Oky Rey Montha (b. 1986)

Personal THinking #3

细节
Oky Rey Montha (b. 1986)
Personal THinking #3
signed with artist's monogram and dated 'OKYRE oky rey montha 2010' (upper left)
2010' (upper left) acrylic on canvas
180 x 140 cm. (70 7/8 x 55 1/8 in.)
Painted in 2010
来源
Andi's Gallery, Jakarta, Indonesia
Private Collection, Jakarta, Indonesia

拍品专文

A NEW POST-1975 GENERATIONAL AESTHETICS


Emerging onto the Indonesian art scene in the past few years has been a generation of artists, born after 1975, whose art practices have been distinctly influenced by the proliferation of an online culture, which has brought the world closer together, and pictorial references more available, for these artists during a formative time in their careers. Unlike preceding generations of artists, the post-1975 Yogyakarta-based artists - amongst them Indieguerillas, Eko Nugroho, Wedhar Riyadi, Uji 'Hahan' Handoko, Nano Warsono, Oky Rey Montha, Lugas Syllabus - have been much more exposed to the power of the mass media and consumer culture and their works routinely deal with these aspects of society.

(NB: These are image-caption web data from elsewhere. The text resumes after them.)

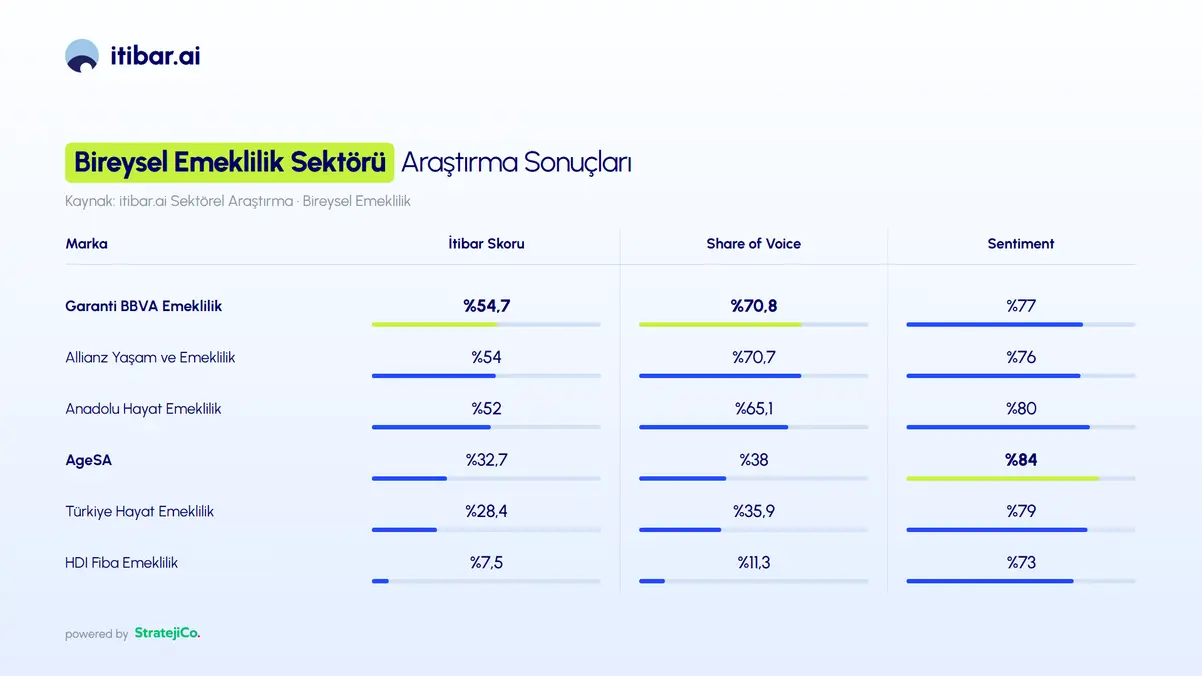 Garanti BBVA Emeklilik Yapay Zekada Zirveye Oturdu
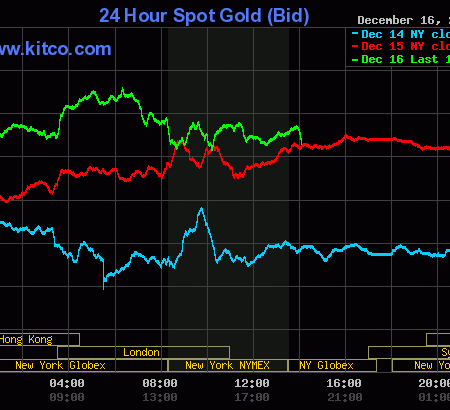 Gold prices steady, back off a bit following FOMC statement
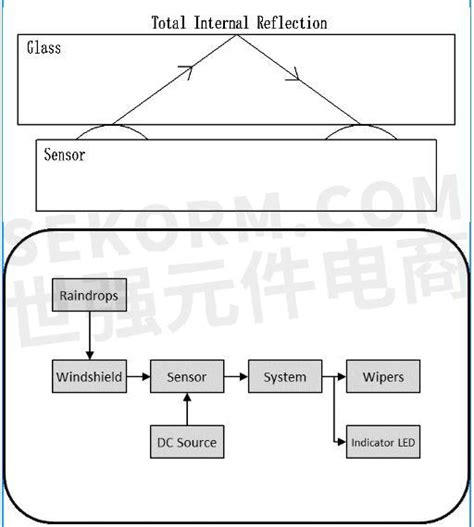 Include (or exclude) self posts. 【产品】专业轨道交通雨量传感模块SRS-13，适用于玻璃厚度大的交通工具-世强元件电商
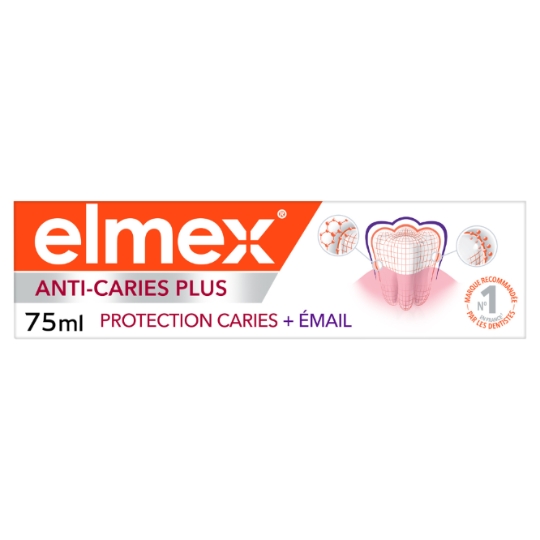 Dentifrice Protection Caries et Email ELMEX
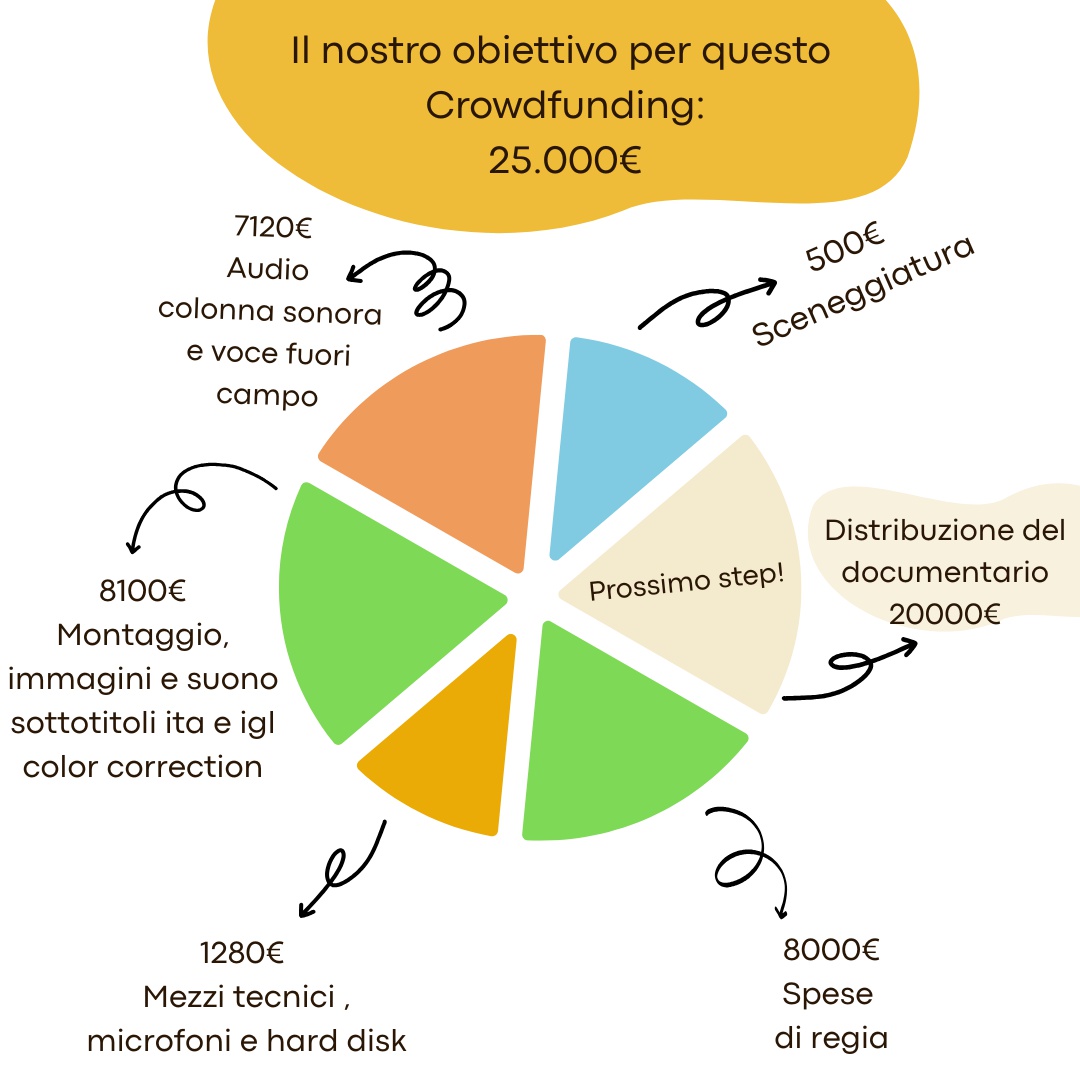 crowdfunding.jpeg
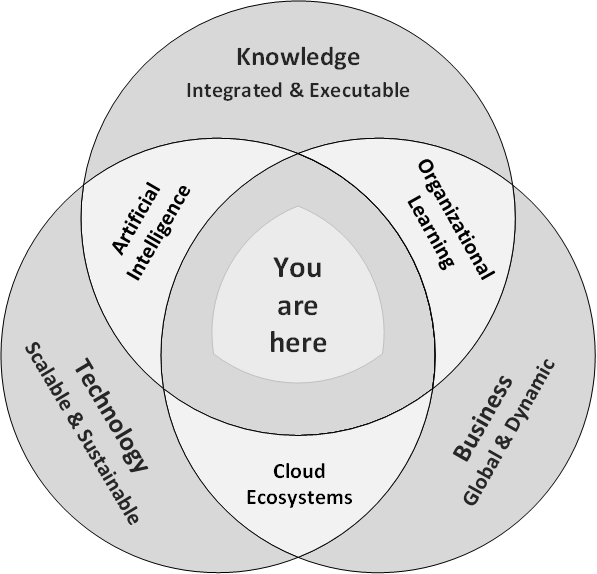 Fun with a "You are Here" Venn Diagram - which I somehow manage to connect with King Lear in a new post... gollner.ca/2023/10/the-co…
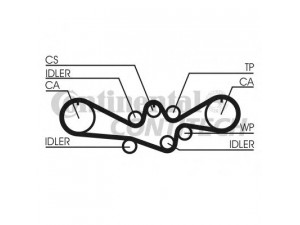CONTITECH CT792K1 paskirstymo diržo komplektas 
 Techninės priežiūros dalys -> Papildomas remontas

In terms of influences, aspects of traditional culture is reflected in the works of the post-1975 artists. The artists keep on asking themselves about their identities: what it means to be "Indonesian", what it means to live in the 21st century. Dealing with these issues in an open-ended playful way, they combine what they understand of traditional culture, revising and re-visioning them for a contemporary audience.

Wedhar Riyadi draws heavily on underground comics, and his work is influenced by the anti-establishment aesthetic of Indonesian street culture. His take on Indonesian history informs the breadth of his artistic output - drawings, murals, comics, stickers, posters, illustrations, and even limited edition toys and clothing. The violence inherent in Holy War I (Lot 371) is confined to the cartoon world, a pastiche and commentary onto real-world violence.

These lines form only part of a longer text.